Mamfaat lainnya adalah mewujudkan pembangunan pariwisata yang berkelanjutan berbasis kearifan lokal, mendorong pengunjung untuk menghargai objek geowisata, dan memberikan kesan dan pengalaman khusus yang berbeda dibandingkan dengan kegiatan pelancongan lainnya. 

Kendati kekayaan kebumian (geologi) di Sumbar juga membuat Ranah Minang rawan bencana lantaran berada pada jalur Sesar Besar Sumatera (The Great Sumatera Fault) dan Megathrust yang tepat di antara pertemuan dua lempeng benua yang besar (lempeng Eurasia dan Indo-Australia), namun keunikan rupa kebumiannya adalah berkah yang harus dimaksimalkan. 

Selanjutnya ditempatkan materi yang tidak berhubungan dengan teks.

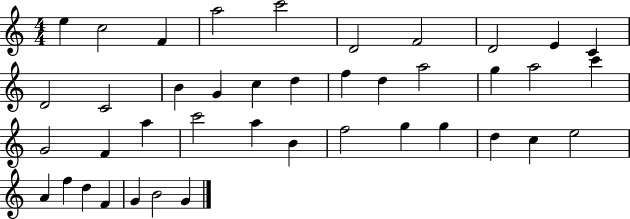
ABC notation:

X:1
T:Untitled
M:4/4
L:1/4
K:C
e c2 F a2 c'2 D2 F2 D2 E C D2 C2 B G c d f d a2 g a2 c' G2 F a c'2 a B f2 g g d c e2 A f d F G B2 G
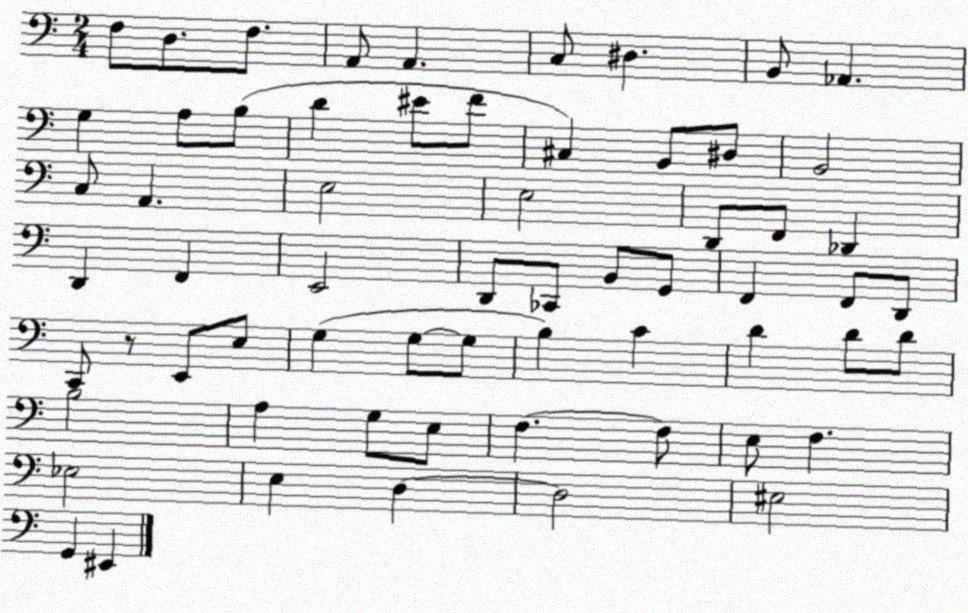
X:1
T:Untitled
M:2/4
L:1/4
K:C
F,/2 D,/2 F,/2 A,,/2 A,, C,/2 ^D, B,,/2 _A,, G, A,/2 B,/2 D ^E/2 F/2 ^C, B,,/2 ^D,/2 B,,2 C,/2 A,, E,2 E,2 D,,/2 F,,/2 _D,, D,, F,, E,,2 D,,/2 _C,,/2 B,,/2 G,,/2 F,, F,,/2 D,,/2 C,,/2 z/2 E,,/2 E,/2 G, G,/2 G,/2 B, C D D/2 D/2 B,2 A, G,/2 E,/2 F, F,/2 E,/2 F, _E,2 E, D, D,2 ^E,2 G,, ^E,,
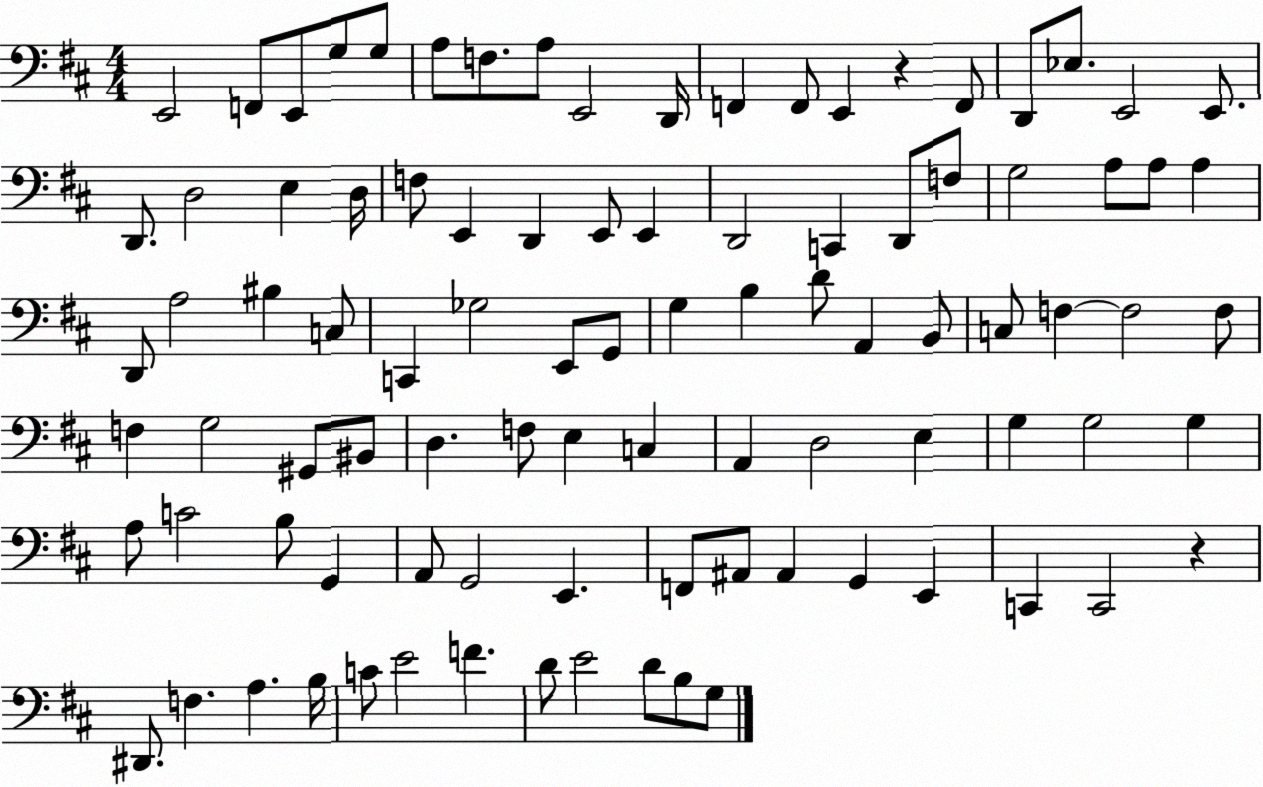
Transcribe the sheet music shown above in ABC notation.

X:1
T:Untitled
M:4/4
L:1/4
K:D
E,,2 F,,/2 E,,/2 G,/2 G,/2 A,/2 F,/2 A,/2 E,,2 D,,/4 F,, F,,/2 E,, z F,,/2 D,,/2 _E,/2 E,,2 E,,/2 D,,/2 D,2 E, D,/4 F,/2 E,, D,, E,,/2 E,, D,,2 C,, D,,/2 F,/2 G,2 A,/2 A,/2 A, D,,/2 A,2 ^B, C,/2 C,, _G,2 E,,/2 G,,/2 G, B, D/2 A,, B,,/2 C,/2 F, F,2 F,/2 F, G,2 ^G,,/2 ^B,,/2 D, F,/2 E, C, A,, D,2 E, G, G,2 G, A,/2 C2 B,/2 G,, A,,/2 G,,2 E,, F,,/2 ^A,,/2 ^A,, G,, E,, C,, C,,2 z ^D,,/2 F, A, B,/4 C/2 E2 F D/2 E2 D/2 B,/2 G,/2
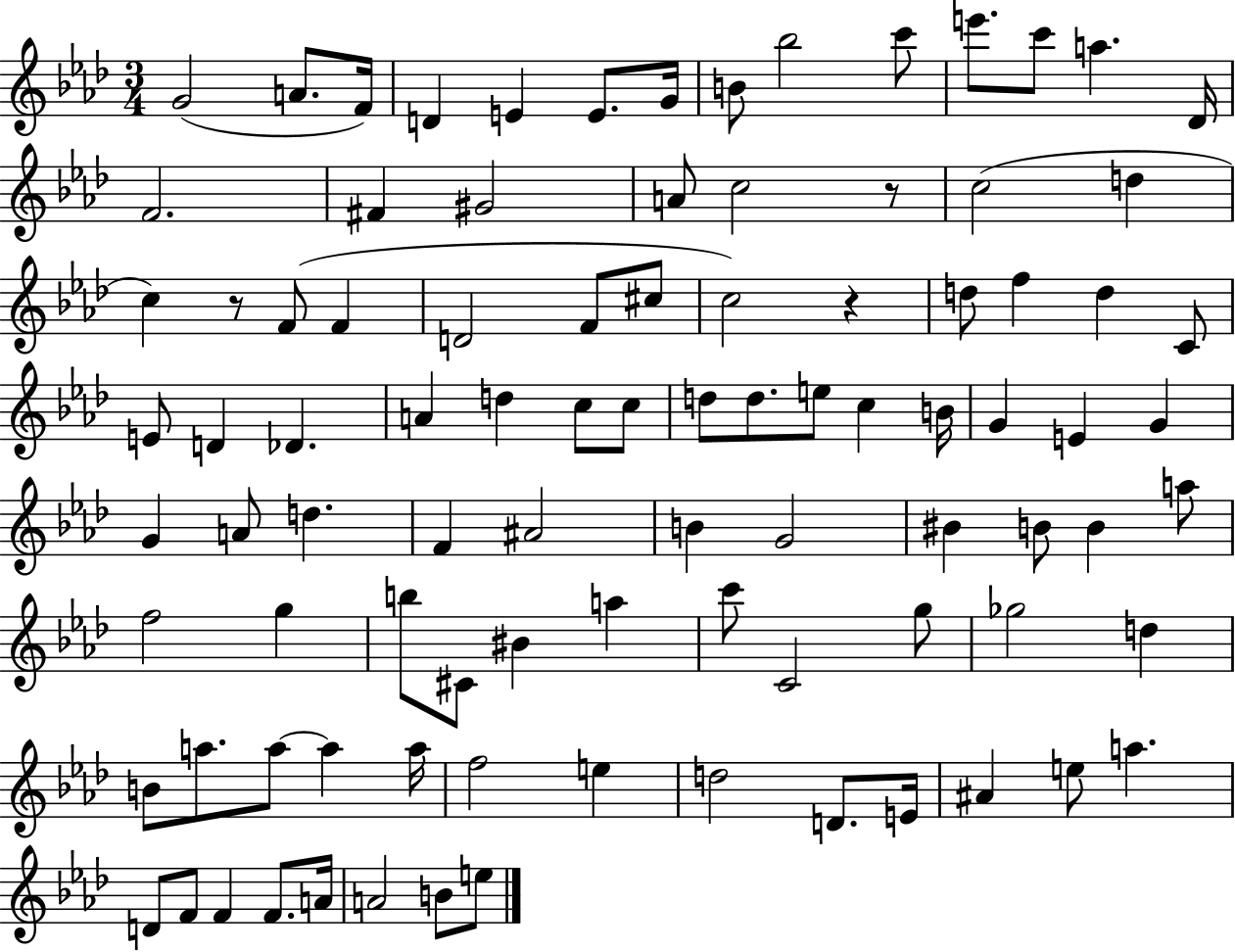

Maka, sesuai yang diarahkan Dinas Pariwisata Sumbar, kawasan-kawasan yang telah mendapat status sebagai Geopark Nasional harus melakukan langkah-langkah dan upaya untuk penataan kawasan geoparknya termasuk pemberdayaan masyarakatnya. Jika kawasan yang sudah mendapatkan status Geopark Nasional tidak menindaklanjuti dengan pelaksanaan program dan kegiatan yang menunjang kawasan geopark itu sendiri, maka status geopark bisa saja dicabut. Oleh karena itu perlu terus dilakukan pendampingan Pemerintah Provinsi kepada masing-masing. 

Untuk tahun 2019 beberapa kawasan geopark lainnya yang berpotensi sebagai warisan geologi juga akan diusulkan sebagai Geopark Nasional.  Dan tahun ini  juga akan disusun langkah dan strategi pengusulan Geopark Ranah Minang sebagai Unesco Global Geopark (UGG) sehingga Kawasan Geopark Ranah Minang akan dikenal sebagai salah satu kawasan geowisata di dunia. 

Memang tidak bisa serta merta. Tetapi sepanjang yang sudah direncanakan, upaya memaksimalkan berkah geowisata akan menjadi langkah-langkah nyata buat meningkatkan kesejahteraan masyarakat.